All of this got me thinking about the experiences I had as an instructor. My time in the classroom was spent pretty evenly divided between traditional college students at a state school and non-traditional students at a private career school. As an instructor, my expectations never changed. I recognized that students were coming in with different knowledge bases, and although my methods changed, the rigor of my classes never did. I knew that at-risk populations had different needs, so I got more creative and arguably more effective at what I did because of that. So I’ve tried to remember the faces and backgrounds of all of those students as I’ve worked my way through this course.
Earlier today I tweeted an infographic from EduCause on technology and students. I didn’t find that by accident. I was curious about what today’s student technology profile looks like, and I think that’s what’s been on my mind throughout this course. As I think about sharing this with faculty, I try to foresee the complications they might encounter in their classes. All of these tools have been working so well for our class, but would a version of this work for undergrads in a typical online class? And that’s the thing, I don’t know. A few years ago I feel like I would have been able to answer that question, but now I’m not so sure. Luckily, I am surrounded by faculty who openly talk about what’s working and what’s not, and for that I am grateful.
College students, no matter what their career goals, should have some level of online literacy, and I know that I will always work with faculty who are early adopters and who, like myself, will openly embrace technologies. But I worry a lot about the “gap,” that space where technology and education fail to create equality and begin to lose students (or institutions) who don’t have the means, financial or otherwise. While technology closes the gap in some ways, it expands it in others. As instructors, if we aren’t using some of the digital literacy methods, are we leaving our students at a disadvantage?
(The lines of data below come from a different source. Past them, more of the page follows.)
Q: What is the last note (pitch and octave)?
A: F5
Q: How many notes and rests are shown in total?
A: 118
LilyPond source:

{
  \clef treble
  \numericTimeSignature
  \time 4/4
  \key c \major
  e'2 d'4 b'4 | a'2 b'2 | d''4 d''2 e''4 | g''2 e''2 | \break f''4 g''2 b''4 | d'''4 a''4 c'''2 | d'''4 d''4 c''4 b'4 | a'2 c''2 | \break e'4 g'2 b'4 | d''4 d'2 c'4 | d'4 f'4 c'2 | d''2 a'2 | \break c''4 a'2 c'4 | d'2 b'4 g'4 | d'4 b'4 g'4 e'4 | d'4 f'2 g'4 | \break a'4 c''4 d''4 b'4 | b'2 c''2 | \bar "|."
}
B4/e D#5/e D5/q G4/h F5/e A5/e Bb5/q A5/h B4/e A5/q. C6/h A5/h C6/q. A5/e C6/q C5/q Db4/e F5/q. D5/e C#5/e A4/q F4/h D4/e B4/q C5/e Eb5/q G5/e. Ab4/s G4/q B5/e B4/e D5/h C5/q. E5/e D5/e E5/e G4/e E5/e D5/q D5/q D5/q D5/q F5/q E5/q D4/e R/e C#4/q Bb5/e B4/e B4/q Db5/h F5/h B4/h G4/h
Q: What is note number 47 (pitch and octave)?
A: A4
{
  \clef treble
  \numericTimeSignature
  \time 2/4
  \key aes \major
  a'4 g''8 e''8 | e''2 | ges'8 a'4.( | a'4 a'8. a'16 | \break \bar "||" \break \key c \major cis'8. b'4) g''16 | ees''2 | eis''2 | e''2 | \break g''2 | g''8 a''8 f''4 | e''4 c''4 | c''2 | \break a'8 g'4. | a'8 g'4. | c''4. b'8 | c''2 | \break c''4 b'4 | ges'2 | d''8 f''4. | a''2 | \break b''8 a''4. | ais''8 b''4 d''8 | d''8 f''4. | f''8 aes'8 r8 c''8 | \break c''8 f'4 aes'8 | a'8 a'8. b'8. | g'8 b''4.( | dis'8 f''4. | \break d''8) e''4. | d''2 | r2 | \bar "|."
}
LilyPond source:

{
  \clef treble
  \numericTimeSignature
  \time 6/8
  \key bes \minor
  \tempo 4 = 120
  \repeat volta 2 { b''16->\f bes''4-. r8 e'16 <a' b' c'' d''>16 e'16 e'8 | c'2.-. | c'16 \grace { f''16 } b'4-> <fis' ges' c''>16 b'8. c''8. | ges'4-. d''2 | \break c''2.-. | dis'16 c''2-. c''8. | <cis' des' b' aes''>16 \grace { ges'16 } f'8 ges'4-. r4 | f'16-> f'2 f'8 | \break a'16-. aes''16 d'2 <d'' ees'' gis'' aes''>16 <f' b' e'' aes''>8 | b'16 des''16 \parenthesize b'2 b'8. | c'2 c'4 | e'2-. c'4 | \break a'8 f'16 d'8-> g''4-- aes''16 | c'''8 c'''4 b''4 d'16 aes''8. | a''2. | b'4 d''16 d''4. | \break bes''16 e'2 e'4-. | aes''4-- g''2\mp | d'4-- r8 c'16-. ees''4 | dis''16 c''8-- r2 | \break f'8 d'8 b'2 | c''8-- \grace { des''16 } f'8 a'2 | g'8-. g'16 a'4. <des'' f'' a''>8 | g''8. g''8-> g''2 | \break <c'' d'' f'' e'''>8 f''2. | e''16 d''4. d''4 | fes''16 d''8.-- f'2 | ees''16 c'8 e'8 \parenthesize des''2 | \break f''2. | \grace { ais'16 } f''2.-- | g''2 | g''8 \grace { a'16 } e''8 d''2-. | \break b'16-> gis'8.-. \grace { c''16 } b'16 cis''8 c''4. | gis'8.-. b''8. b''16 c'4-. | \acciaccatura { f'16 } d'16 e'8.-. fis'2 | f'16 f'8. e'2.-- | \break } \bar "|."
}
This is a complicated discussion, but I really like one of the suggestions from our readings. Start small, or as Lowenthal, Dunalp, and Stitson (2016) would put it, go back to base camp.
This idea of a base camp, a controlled environment where students can build an on online portfolio, seems to be beneficial in so many ways for both the students and the professors. Once everyone feels more comfortable with working as a person in the sometimes isolating experience of being in an online class, the opportunities will present themselves. I tend to jump right in, but it’s important for me to remember that not everyone feels that way, so we need to look for a common ground that can be lightly treaded on by nervous students and apprehensive professors. We're cautious, but we are making wonderful strides in online education, and my experience so far, especially in this class, has been one of hearing everyone’s voices. And when we really step back and think about it, isn’t that what equality is all about?